Wednesday
Oct222008

Burn After Reading

Burn After Reading: The Coen Brothers get "spook-y"

The films of Joel and Ethan Coen are primarily inside jokes.

They will occasionally deliver a flat out masterpiece (Miller’s Crossing, Raising Arizona), a definitive gem of genre (The Man Who Wasn’t There, Blood Simple, The Big Lebowski) or an outright clunker (The Ladykillers). Their strength lies, however, in the knowing nods and winks to film junkies and fanatics who savor the brother’s love for cinema and its many self-referential quirks.

Their latest, Burn After Reading, is more of a lark on the O Brother Where Art Thou? and Hudsucker Proxy side of the aisle. A modern day, dark screwball comedy imbued with the Preston Sturges spirit and adorned with the cynicism of our ever-increasing loss of privacy and sense of paranoia. Burn After Reading is the nervous titter to the realities of the Patriot Act, FISA and George Bush’s rendered America.

John Malkovich plays a long serving CIA agent who is being demoted for erratic behavior and a drinking problem.

“My drinking problem?!” he barks incredulously at his accuser, “You’re a Mormon. Compared to you we all have a drinking problem.”

He quits in a huff and begins writing his memoirs, which he continually (and humorously) mispronounces as “mem-wuhs”.

Meanwhile, his icy wife (Tilda Swinton) is having an affair with a Treasury Agent (George Clooney). While copying her husband’s financial records for impending divorce proceedings she downloads his “mem-wuhs” onto a disk which she gives to her attorney. The attorney’s secretary loses the disk at her gym, “Hardbodies”.

And there is where the lunacy begins.

The disk is read by a dimwitted gym trainer (Brad Pitt) who shares what he believes to be “top secret” information with his fellow gym employee (Frances McDormand). McDormand is an unmarried internet dater with body image issues. She needs money for a slew of cosmetic surgeries she has planned to “turn her life around”. Pitt is a pliable dullard who seems to like the intrigue of it all. Together they plan to blackmail Malkovich.

The intricate plot manages to rope in a wide range of peripheral characters including Clooney’s wife (a children’s author), the manager of “Hardbodies” (Richard Jenkins), the head of the CIA (J.K. Simmons) and various members of the Russian Embassy.

The characters are all false people, uncomfortable in their own skin. All of them, except Pitt, are perfidious, self-serving wannabes whose limitations and flaws are glaring to all but themselves.

Clooney is a serial philanderer who fakes food allergies, has an obsessive appreciation for flooring and when not building his sex machine, exhibits extreme flashes of paranoia.

Swinton is a bloodless manipulator, interested more in creating and destroying relationships than actually being in them.

McDormand lacks any ability to self-actualize which careens her off into dating sites, cosmetic surgery estimates and continual bouts of low self-esteem.

Malkovich is duplicitous by career; an egomaniacal, vengeful alcoholic, perceiving conspiracies both personal and professional.

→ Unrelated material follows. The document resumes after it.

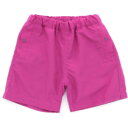 【オーシャンアンドグラウンド/子供服/ベビー/キッズ/ジュニア/ocean&ground】 セール 【50%OFF】 パッカブルウミヤマショーツ ピンク(PK)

He is a persecution complex run amok, with a hatchet.

Jenkins is a fallen Greek Orthodox Priest now resigned to managing a strip-mall gym and spouting empty retail maxims.

Pitt is the only genuine character of the bunch. He’s that preening jerk in biker shorts at the gym with the double digit IQ. He exists within a constant haze which surrounds his well coiffed head, particularly disinterested in anything of substance.

But he never comes off as cocky like those actual assholes at your gym. Sure, he’s an absolute tool, but he’s got a heart. Amongst the rest of these reptiles, that makes him positively human.

And Pitt nails it. He should get a supporting Oscar nod for this. As Zappa used to say, “He had his thumb on it.” It’s vaguely a reprisal of his Johnny Suede character and it’s dead-on hilarious.

The Coens have their thumbs on it as well. Burn After Reading contains all the worthwhile elements of their previous thriller/comedies; a parade of swindles, revenge, sudden vicious violence, people in way over their heads and cruel, cruel Fortuna.

It’s nowhere near Fargo, but its fun-loving tongue is firmly placed in its cheek.

Perhaps the film’s ending reflects its trivially political nature best. Two CIA men are reflecting on the case, assessing the cost of the wreckage (both human and financial), their decisions to let it “play out” and wrapping up the loose ends. They decide they have learned a lesson. To never repeat whatever it was they did in this case even though they are unclear what it was they did.

Sounds alot like the Bush Administration to me.